Full DCC Job Scheduling and SLURM User Guide
This document describes the process for submitting and running jobs to the DCC under the Slurm Workload Manager.
What is a cluster, and why do I need SLURM?
Our HPC cluster is made up of a number of compute nodes, each with a varyling level of scratch space, processors, memory, and sometimes GPUs. Users submit jobs to SLURM that specify the instructions (code) and software they want to run along with a description of the computing resources needed. SLURM, a combined scheduler and resource manager, then runs those jobs on the DCC.
Cluster Basics and Terminology
account: Your DCC group is your SLURM account. A SLURM account grants users rights and manages limits in relation to SLURM partitions. You can see your DCC group(s) in Research Toolkits.
batch: Instructions run in a file without user interaction, typically referred to as 'run in batch' or 'batch processing'. This is the most powerful way to use the DCC.
batch script: A text file containing a series of resource specifications, such as the number of nodes, amount of memory, and other requirements needed to run, and commands to be run. This script is submitted to the Slurm workload manager, which schedules and executes the job on available compute nodes within a high-performance computing (HPC) cluster.
core: A processing unit within a computer chip (CPU). The CPU in a node performs computations.
GPU: A graphics processing unit (GPU) is a specialized processor which can generate computer graphics, but in HPC, designed to accelerate computation-intensive tasks by performing parallel operations, making it ideal for tasks such as simulations, deep learning, and scientific computations.

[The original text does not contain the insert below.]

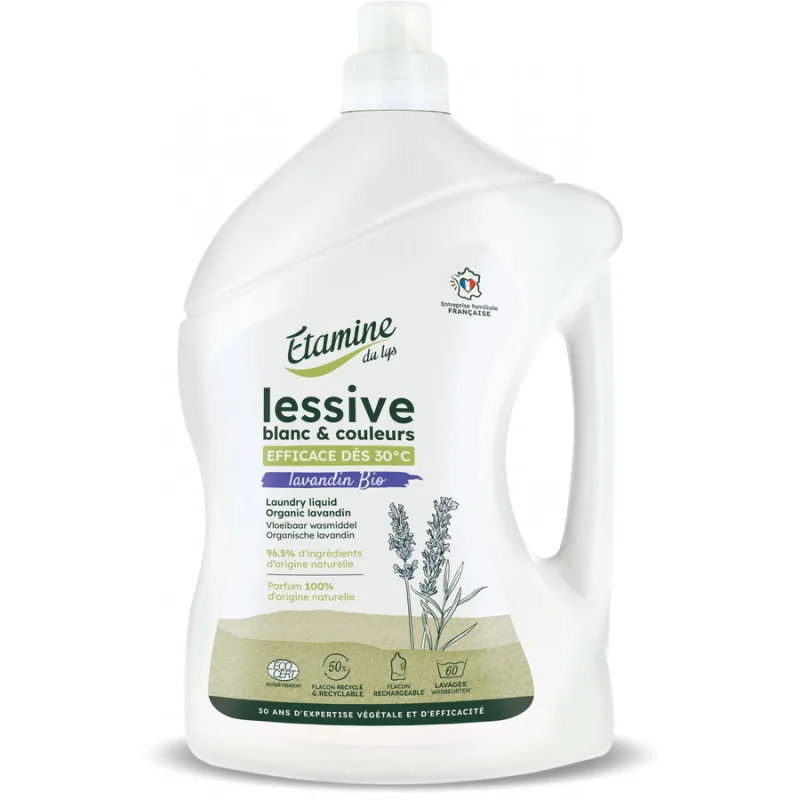 Detergenti pentru Rufe Albe si Colorate cu Parfum de Lavanda Format Mare 3L ETAMINE DU LYS — preț și oferte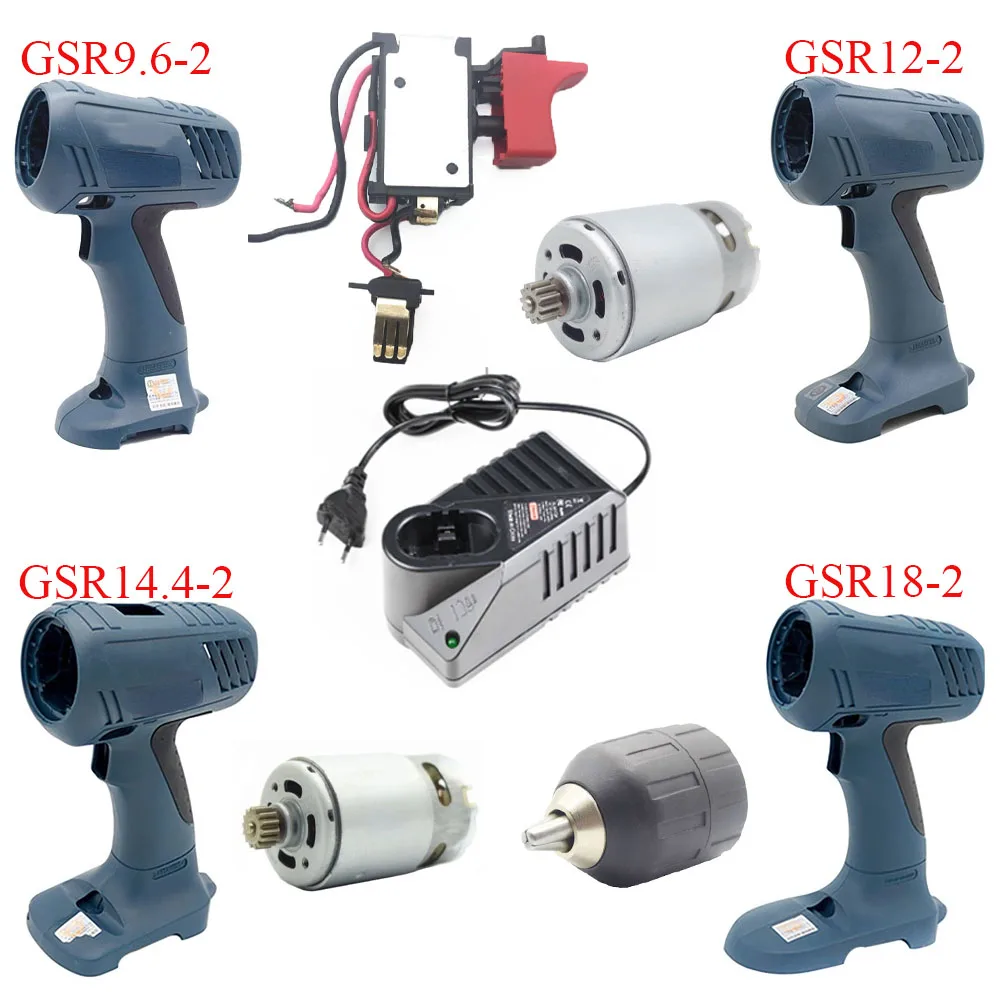 For Bosch GSR9.6-2 GSR12-2 GSR14.4-2 GSR18-2 Nickel Chromium Electric Drill Wrench Housing Parts BOX Shell Swith Motor Charger
For Bosch GSR9.6-2 GSR12-2 GSR14.4-2 GSR18-2 Nickel Chromium Electric Drill Wrench Housing Parts BOX Shell Swith Motor Charger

interactive session or job: SLURM allows users to request a real time interactive session on a compute node through OnDemand or via SSH using srun
so you can use a computing node real-time to code, debug, and/or watch your request run in real-time.
job: A task or set of tasks, submitted to the cluster scheduler to be executed.

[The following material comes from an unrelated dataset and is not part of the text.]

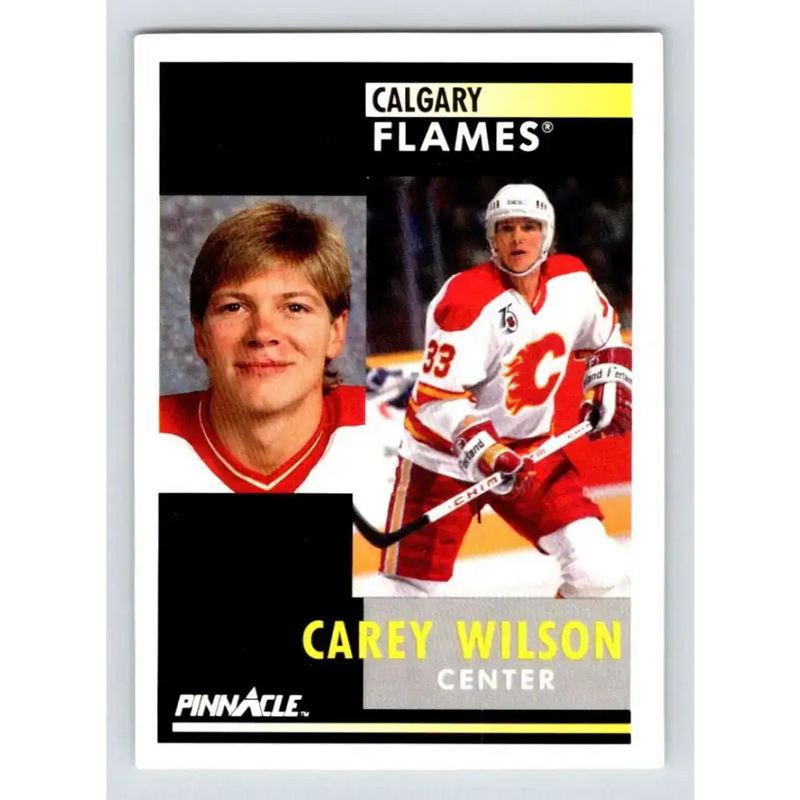 1991-92 Pinnacle #364 Carey Wilson NM-MT Calgary Flames Hockey Card - Hockey Card Single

node: A physical machine in a cluster, including login, compute, and transfer nodes
Type | Description |
---|---|
Login nodes | The login nodes are a place where users can login, edit files, view job results and submit new jobs. Login nodes are a shared resource and should not be used to run application workloads. There are limits on the login nodes. |
Data Transfer node / Globus | The data transfer nodes are available for moving data to be accessible to and from the cluster. On the DCC, is done primarily via Globus. |
Compute node | The compute nodes are the computers where jobs are run. To run jobs on the compute nodes, users need to access a head node and schedule their program to be run on the compute nodes once the requested resources are available. |
partition: A partition, also called a job queue, is a subset of compute nodes on the cluster. Each partition is configured with with a set of limits (includind allowed users) that specify the requirements for jobs run in that partition. The DCC has as set of partitions for all users as well as thoughs for specific use cases or lab groups.

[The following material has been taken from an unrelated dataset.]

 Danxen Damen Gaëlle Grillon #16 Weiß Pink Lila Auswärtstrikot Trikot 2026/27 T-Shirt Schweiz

SLURM: Is the open source, fault tolerant, scalable cluster management and job scheduling system we run on the Duke Compute Cluster.
-
When: It finds and allocates the computing resources that fulfill the job’s request at the soonest available time. The time to start the job will be faster if the batch script is written well for what the job will need (i.e. not asking for just the right amount of resources).
-
How: When a job is scheduled to run, the scheduler instructs the resource manager to launch the application(s) across the job’s allocated resources. This is also known as “running the job”.
-
Results: When a job has completed, you can check the job logs for informational updates or errors and the resources used via sacct or sreport. For long term usage, see our usage reports.